There's only been one contract so far to the U.S. That was $14 million. I think you-I hope you have a sense of humor for this, for a fogging machine. It's insect-for a fogging machine out of the United States-or a set of fogging machines, 200 of them. The problem is very simple in Iraq. Appreciating either the taxpayers are going to put up the money, or there's going to be foreign investment which is going to pump oil or invest there.
The three questions-the three issues are sovereignty, security, which is obvious, and precedence over existing debt. So under current circumstance, Iraq has $130 billion in existing debt and a couple of hundred billion in reparations, so companies are understandably unwilling at the moment to-or reluctant to invest over the long term there. Nevertheless, we want to be prepared for when the government-the handoff takes place and the debt is supposed to be written off by the Paris Club at the end of the year.

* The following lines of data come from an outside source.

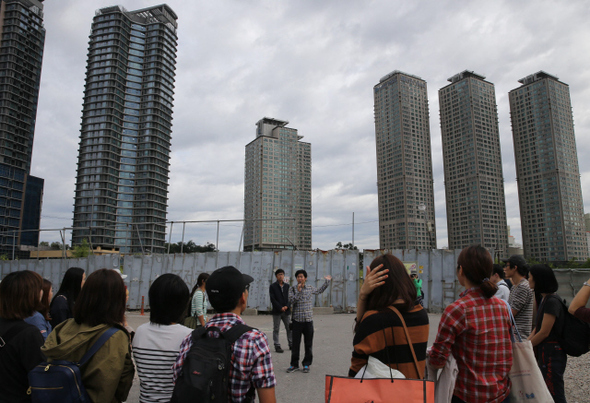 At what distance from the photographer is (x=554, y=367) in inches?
125

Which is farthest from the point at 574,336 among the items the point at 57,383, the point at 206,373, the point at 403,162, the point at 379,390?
the point at 403,162

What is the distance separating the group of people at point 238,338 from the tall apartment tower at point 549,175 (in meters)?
93.0

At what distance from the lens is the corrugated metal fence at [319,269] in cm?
1541

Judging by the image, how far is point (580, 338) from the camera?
3.13m

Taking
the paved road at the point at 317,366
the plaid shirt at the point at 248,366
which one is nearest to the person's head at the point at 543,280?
the plaid shirt at the point at 248,366

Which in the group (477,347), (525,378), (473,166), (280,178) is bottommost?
(525,378)

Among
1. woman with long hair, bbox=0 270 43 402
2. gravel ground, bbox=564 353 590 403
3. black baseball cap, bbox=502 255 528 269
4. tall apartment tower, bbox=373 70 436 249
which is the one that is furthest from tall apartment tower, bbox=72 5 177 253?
black baseball cap, bbox=502 255 528 269

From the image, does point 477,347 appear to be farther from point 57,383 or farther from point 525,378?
point 57,383

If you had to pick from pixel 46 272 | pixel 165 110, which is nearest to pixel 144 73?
pixel 165 110

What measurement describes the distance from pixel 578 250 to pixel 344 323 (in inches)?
3581

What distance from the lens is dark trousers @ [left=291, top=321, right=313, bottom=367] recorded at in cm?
635

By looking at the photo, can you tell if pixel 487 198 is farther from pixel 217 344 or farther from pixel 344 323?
pixel 217 344

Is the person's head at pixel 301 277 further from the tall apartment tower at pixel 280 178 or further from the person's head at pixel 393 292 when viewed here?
the tall apartment tower at pixel 280 178

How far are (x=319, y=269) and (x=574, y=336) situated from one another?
1354 centimetres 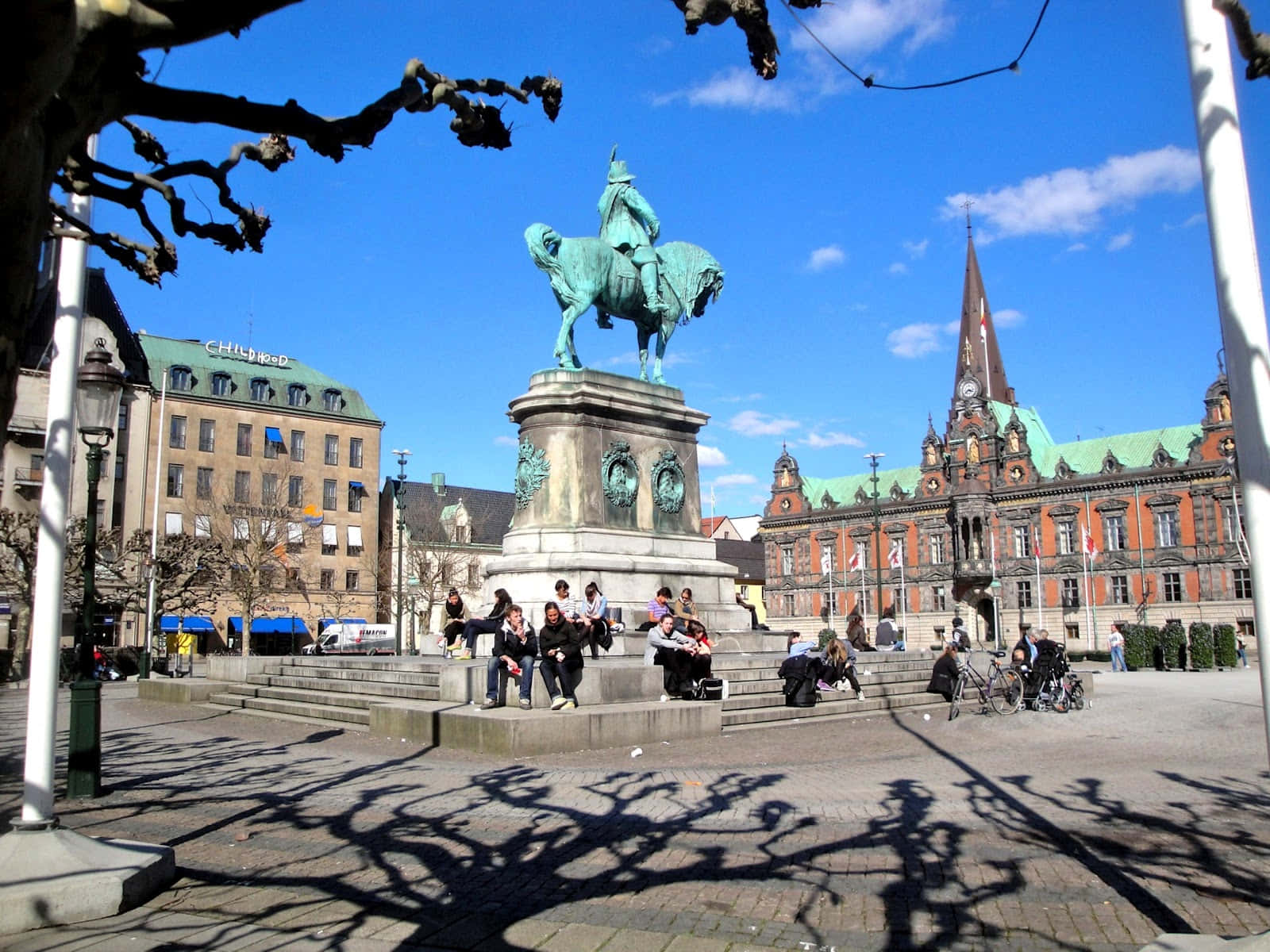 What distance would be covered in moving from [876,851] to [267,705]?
1511 cm

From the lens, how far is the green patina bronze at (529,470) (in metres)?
21.4

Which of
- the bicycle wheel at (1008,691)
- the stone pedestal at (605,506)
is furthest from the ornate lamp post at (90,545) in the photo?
the bicycle wheel at (1008,691)

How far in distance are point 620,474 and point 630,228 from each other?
5821 millimetres

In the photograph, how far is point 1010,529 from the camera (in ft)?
300

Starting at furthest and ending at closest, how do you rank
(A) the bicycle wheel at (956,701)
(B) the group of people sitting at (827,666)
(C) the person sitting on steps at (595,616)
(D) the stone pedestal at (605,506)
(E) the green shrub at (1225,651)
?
(E) the green shrub at (1225,651), (D) the stone pedestal at (605,506), (C) the person sitting on steps at (595,616), (B) the group of people sitting at (827,666), (A) the bicycle wheel at (956,701)

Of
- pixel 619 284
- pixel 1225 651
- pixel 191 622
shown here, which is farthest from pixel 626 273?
pixel 191 622

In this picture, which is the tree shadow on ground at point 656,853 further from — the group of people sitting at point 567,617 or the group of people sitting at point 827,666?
the group of people sitting at point 827,666

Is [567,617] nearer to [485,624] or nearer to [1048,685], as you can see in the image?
[485,624]

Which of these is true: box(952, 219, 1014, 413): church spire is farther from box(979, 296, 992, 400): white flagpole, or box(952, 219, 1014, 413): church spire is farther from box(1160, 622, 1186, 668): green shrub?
box(1160, 622, 1186, 668): green shrub

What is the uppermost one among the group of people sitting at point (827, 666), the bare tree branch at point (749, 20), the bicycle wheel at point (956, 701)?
the bare tree branch at point (749, 20)

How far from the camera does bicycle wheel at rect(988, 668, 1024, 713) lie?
677 inches

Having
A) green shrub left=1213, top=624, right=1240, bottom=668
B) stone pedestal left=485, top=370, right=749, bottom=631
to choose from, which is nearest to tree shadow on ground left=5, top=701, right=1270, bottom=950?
stone pedestal left=485, top=370, right=749, bottom=631

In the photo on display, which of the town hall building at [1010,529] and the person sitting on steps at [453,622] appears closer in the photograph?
the person sitting on steps at [453,622]

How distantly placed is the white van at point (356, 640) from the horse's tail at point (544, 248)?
33.3 metres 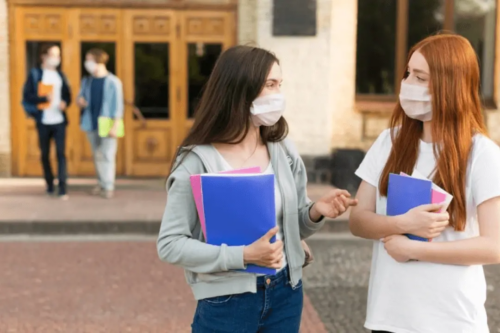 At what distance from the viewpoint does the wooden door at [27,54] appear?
11.8 meters

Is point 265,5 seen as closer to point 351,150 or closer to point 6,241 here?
point 351,150

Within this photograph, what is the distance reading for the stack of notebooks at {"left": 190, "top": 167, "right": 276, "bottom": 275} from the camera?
2219mm

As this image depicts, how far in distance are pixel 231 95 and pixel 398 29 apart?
10123 millimetres

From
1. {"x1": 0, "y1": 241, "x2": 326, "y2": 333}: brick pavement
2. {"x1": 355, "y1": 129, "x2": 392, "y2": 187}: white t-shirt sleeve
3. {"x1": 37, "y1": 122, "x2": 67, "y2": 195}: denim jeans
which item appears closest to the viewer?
{"x1": 355, "y1": 129, "x2": 392, "y2": 187}: white t-shirt sleeve

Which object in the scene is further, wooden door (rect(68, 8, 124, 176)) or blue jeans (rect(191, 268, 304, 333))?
wooden door (rect(68, 8, 124, 176))

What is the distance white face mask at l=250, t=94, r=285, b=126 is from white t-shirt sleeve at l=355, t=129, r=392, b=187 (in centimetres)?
34

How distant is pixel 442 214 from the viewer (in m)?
2.19

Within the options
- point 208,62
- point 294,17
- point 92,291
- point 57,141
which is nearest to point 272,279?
point 92,291

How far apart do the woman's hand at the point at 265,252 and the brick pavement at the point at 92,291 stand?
8.95 feet

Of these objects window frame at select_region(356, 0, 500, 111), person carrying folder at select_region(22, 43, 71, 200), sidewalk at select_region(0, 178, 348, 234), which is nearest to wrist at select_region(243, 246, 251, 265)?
sidewalk at select_region(0, 178, 348, 234)

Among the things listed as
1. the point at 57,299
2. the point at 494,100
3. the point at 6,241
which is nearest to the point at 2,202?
the point at 6,241

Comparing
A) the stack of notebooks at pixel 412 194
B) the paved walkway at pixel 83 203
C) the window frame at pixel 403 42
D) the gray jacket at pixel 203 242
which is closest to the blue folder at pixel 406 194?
the stack of notebooks at pixel 412 194

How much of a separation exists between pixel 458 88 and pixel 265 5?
359 inches

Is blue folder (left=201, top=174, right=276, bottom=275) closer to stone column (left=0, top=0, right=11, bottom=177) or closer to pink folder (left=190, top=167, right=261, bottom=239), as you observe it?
pink folder (left=190, top=167, right=261, bottom=239) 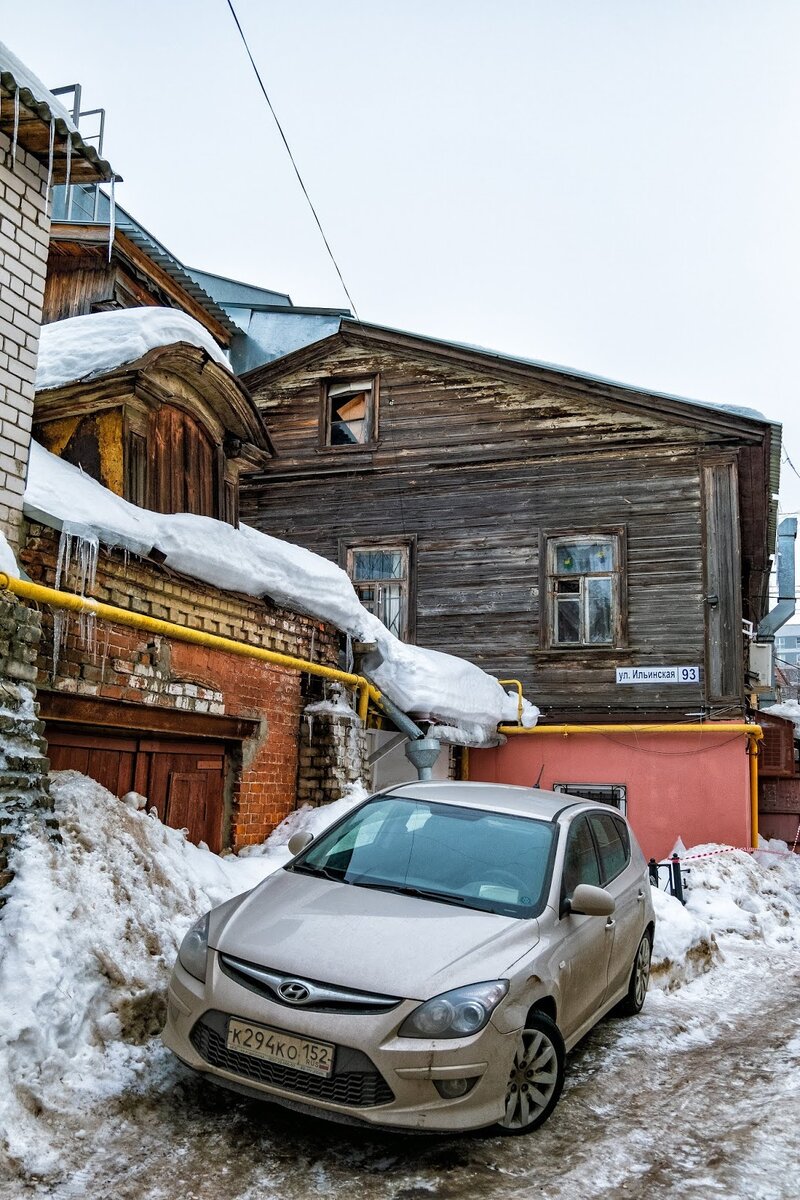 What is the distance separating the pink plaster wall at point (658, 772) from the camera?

Whenever a government comes into Iraq, we want to be prepared to make available lending.
One other thing I've got to get there, and that is the Trade Bank applies not only for U.S. exporters but for exporters from other countries as well. Any country. It's multilateral, it's not U.S. only.
REP. KING: The time of the gentleman has expired, but in the interests of fairness if you want to keep up with your partner, Mr. Watt, I'll let you take one more question.
REP. PAUL: No, I don't-I'm not --
REP. KING: Okay, thank you.
MR. MERRILL: I thank you both.
REP. KING: (Off mike.) -- Mr. Paul, wide access on the committee.
Seriously, Mr. Merrill, I want to thank you for your testimony this morning. It's really been helpful to us. I would note that some members may have additional questions for you and they can submit them in writing and the record will remain open for 30 days.
With that, I thank you for your testimony and the subcommittee stands adjourned.
MR. MERRILL: I thank you for your warmth and kindness, I appreciate that one and all, the entire committee.